Rhee Chanseok, Le Francois Tina, Byrd J W Thomas, Glazebrook Mark, Wong Ivan
Dalhousie University, Halifax, Nova Scotia, Canada.
Northern Ontario School of Medicine, Sudbury, Ontario, Canada.
Orthop J Sports Med. 2017 May 31;5(5):2325967117708307. doi: 10.1177/2325967117708307. eCollection 2017 May.
Femoroacetabular impingement (FAI) is a well-recognized condition that causes hip pain and can lead to early osteoarthritis if not managed properly. With the increasing awareness and efficacy of operative treatments for pincer-type FAI, there is a need for consensus on the standardized radiographic diagnosis.
To perform a systematic review of the evidence regarding imaging modalities and radiographic signs for diagnosing pincer-type FAI.
Systematic review; Level of evidence, 4.
A literature review was performed in 2016 using the Cochrane, PubMed, and Embase search engines. All articles focusing on a radiographic diagnosis of pincer-type FAI were reviewed. Each of the included 44 articles was assigned the appropriate level of evidence, and the particular radiographic marker and/or type of imaging were also summarized.

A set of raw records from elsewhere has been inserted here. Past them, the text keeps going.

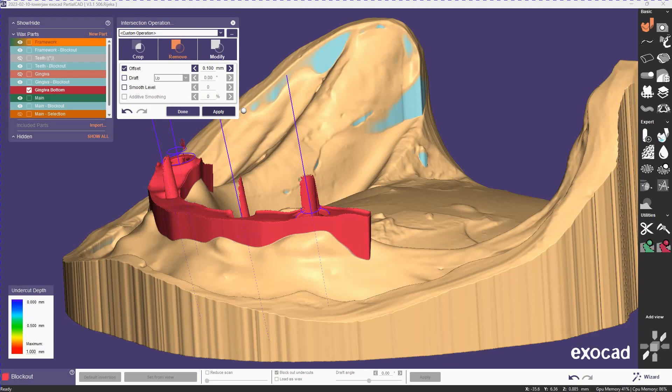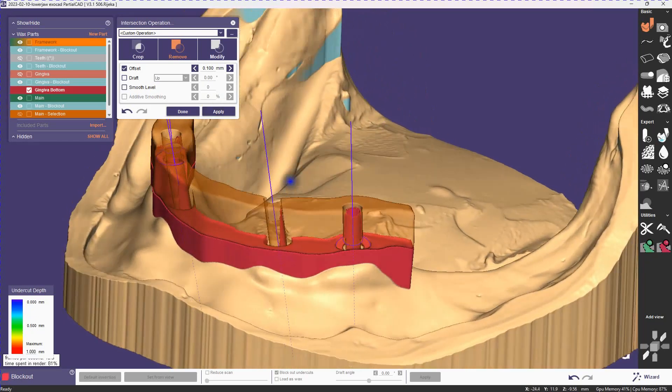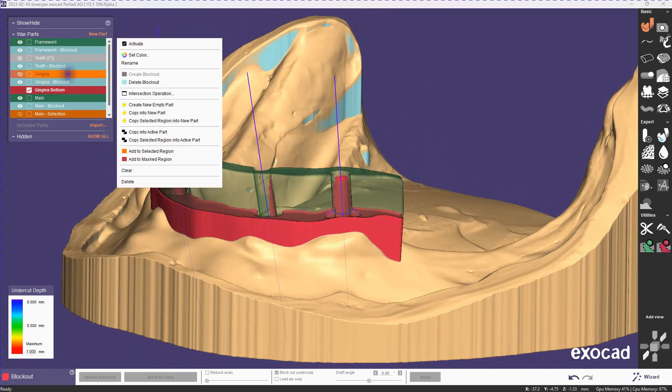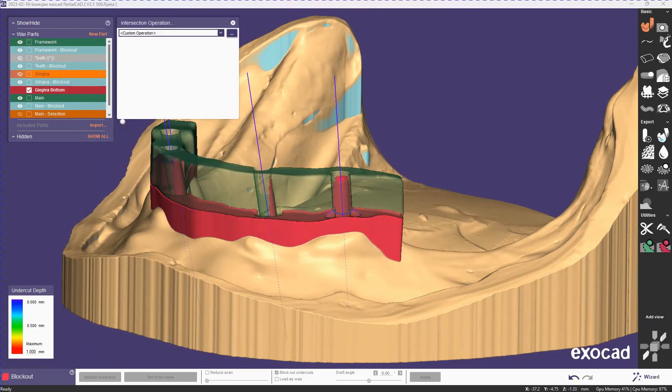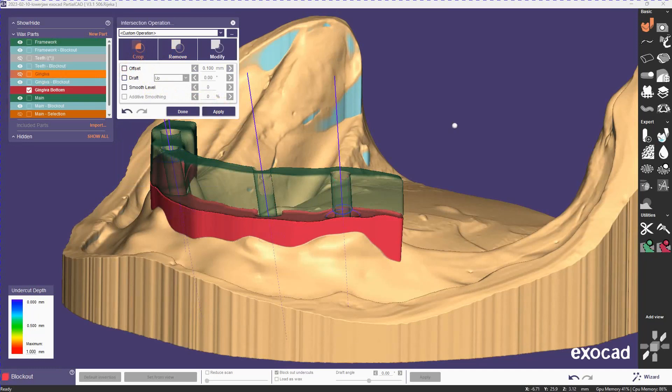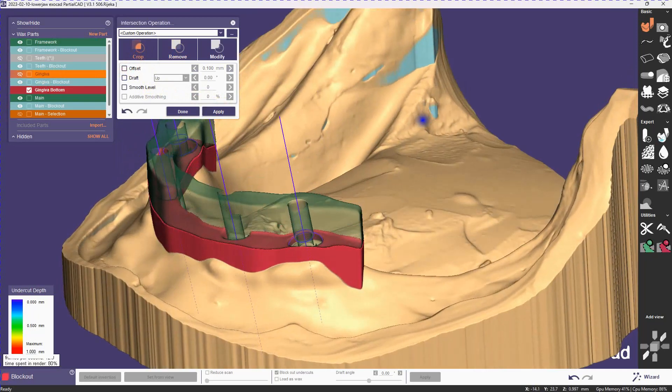Now also, you notice around the screw channels there's a little bit of noise because of the drafting. We'll just clean that up right away by doing a crop and cropping to the gingiva. So we have a good starting point now.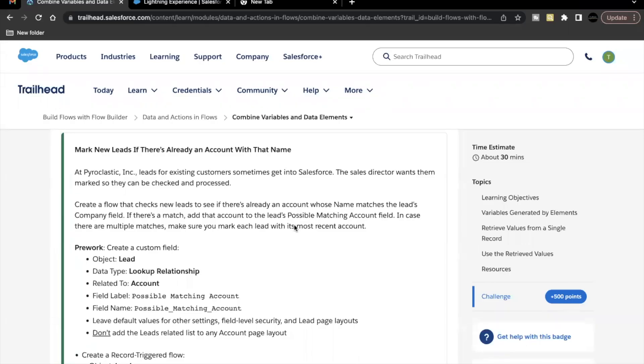Hello everyone. Welcome back to another video of trailer explanation. In this video, we are going to cover the unit combined variables and data elements from the module data and actions and flow.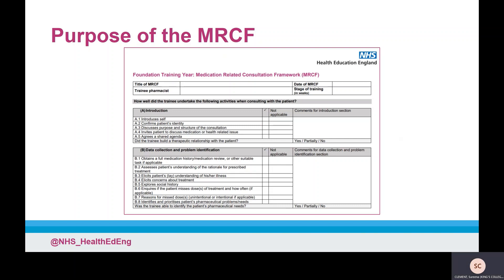In the assessment strategy, the MRCF is one of the assessment tools that can be used to record an assessment activity. The assessment strategy indicates which assessment activities could be recorded using a supervised learning event. Supervised learning events such as the MRCF are a formative assessment, which aims to provide trainees and supervisors with the appropriate information to facilitate and enhance further development. They will also support the provision of evidence that will contribute to the demonstration of the learning outcomes.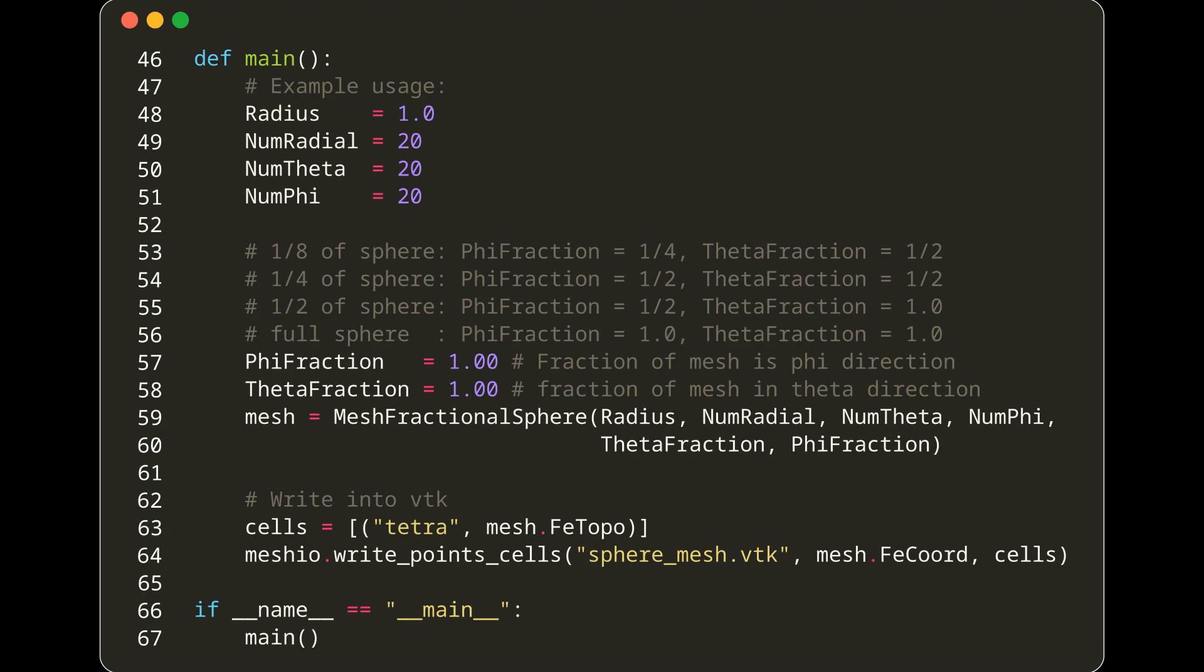And that's it. We've gone through this Python script line by line to generate a 3D mesh model of a full or fractional sphere. For those interested, I have attached the link for the source code of this video in the description.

There were 44 studies included in the final review. Most of the articles were level 4 evidence (26 articles), and there were 12 level 3 and 6 level 2 articles. The crossover sign was the most commonly used radiographic sign (27/44) followed by the lateral center-edge angle (22/44). Anteroposterior (AP) pelvis plain radiographs were the most commonly used imaging modality (33 studies). Poor-quality evidence exists in support of most currently used radiographic markers, including the crossover sign, lateral center-edge angle, posterior wall sign, ischial spine sign, coxa profunda, acetabular protrusion, and acetabular index. There is poor-quality conflicting evidence regarding the use of the herniation pit to diagnose pincer-type FAI. Some novel measurements, such as β-angle, acetabular roof ratio, and acetabular retroversion index, have been proposed, but they also lack support from the literature.

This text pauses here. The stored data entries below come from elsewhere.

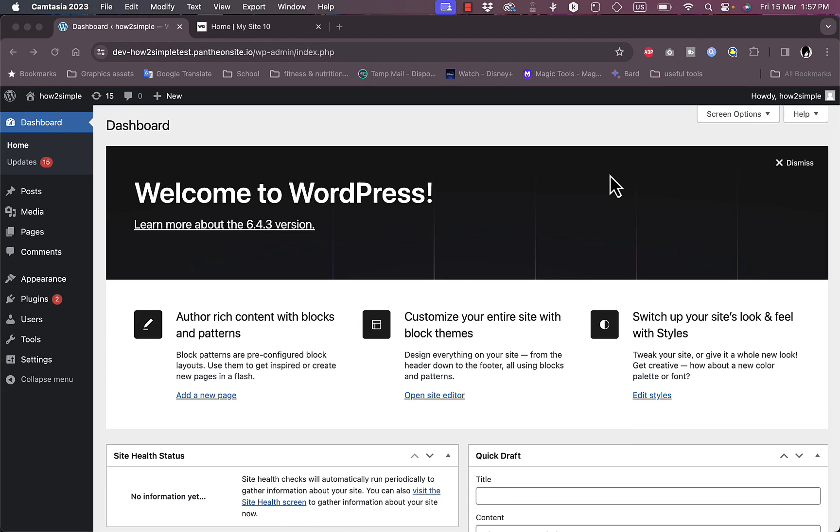What's up everyone, welcome to my channel. In this video I'm going to show you how to convert an HTML website to WordPress, so let's get right to it. First of all, here as you can see I have my WordPress dashboard opened.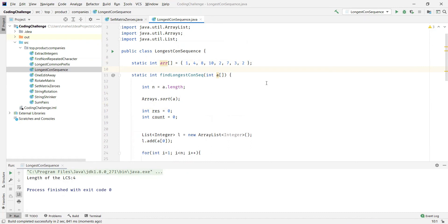So this is how we can find the length of the longest consecutive sequence in a given array of integers. That's all for this video. Thanks for watching.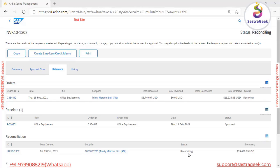In today's session we'll see how we can fix invoice exceptions manually. Generally in real time we may have very few chances where we have to fix an invoice manually, because generally it happens automatically. This is completely relevant to financial activity, so Ariba has given lots of conditions that we can utilize to validate the information from the invoice against the purchase order or the receiving.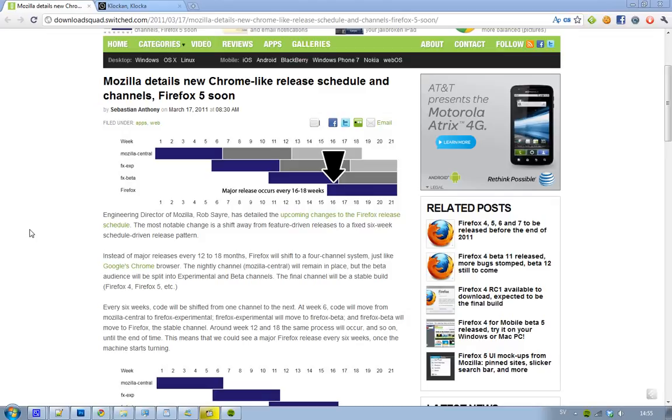The first channel on this Mozilla release schedule is the Nightly channel, and that is extremely, not even the beta, it's the first channel. When you start to build a new major release, you always start on the Nightly channel, and it's also called Mozilla Central.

No strong evidence exists to support a single best set of current radiographic markers for the diagnosis of pincer-type FAI, largely due to the lack of better quality trials (levels 1 and 2) that compare conventional radiographic findings with the gold standard, which is the intraoperative findings. More sophisticated imaging modalities such as computed tomography and magnetic resonance arthrography are often needed to diagnose pincer-type FAI, and these investigations are relatively accurate in assessing labral pathology or cartilage damage.
股骨髋臼撞击症(FAI)是一种已被充分认识的疾病,可导致髋关节疼痛,若处理不当可引发早期骨关节炎。随着对钳夹型FAI手术治疗的认识不断提高且疗效显著,对标准化影像学诊断达成共识很有必要。
对有关诊断钳夹型FAI的影像学检查方法和X线征象的证据进行系统评价。
系统评价;证据等级为4级。
2016年使用Cochrane、PubMed和Embase搜索引擎进行文献综述。对所有聚焦于钳夹型FAI影像学诊断的文章进行了回顾。纳入的44篇文章分别被赋予相应的证据等级,并对特定的X线标记物和/或影像学类型进行了总结。
最终综述纳入44项研究。大多数文章为4级证据(26篇),3级证据文章有12篇,2级证据文章有6篇。交叉征是最常用的X线征象(27/44),其次是外侧中心边缘角(22/44)。前后位(AP)骨盆平片是最常用的影像学检查方法(33项研究)。支持目前大多数常用X线标记物的证据质量较差,包括交叉征、外侧中心边缘角、后壁征、坐骨棘征、髋臼深陷、髋臼突出和髋臼指数。关于使用髋臼盂唇囊肿来诊断钳夹型FAI,存在质量较差且相互矛盾的证据。一些新的测量方法,如β角、髋臼顶比率和髋臼后倾指数,已经被提出,但它们也缺乏文献支持。
目前没有强有力的证据支持一套最佳的用于诊断钳夹型FAI的X线标记物,这主要是因为缺乏将传统X线检查结果与金标准(即术中所见)进行比较的更高质量试验(1级和2级)。诊断钳夹型FAI通常需要更复杂的影像学检查方法,如计算机断层扫描和磁共振关节造影,这些检查在评估盂唇病变或软骨损伤方面相对准确。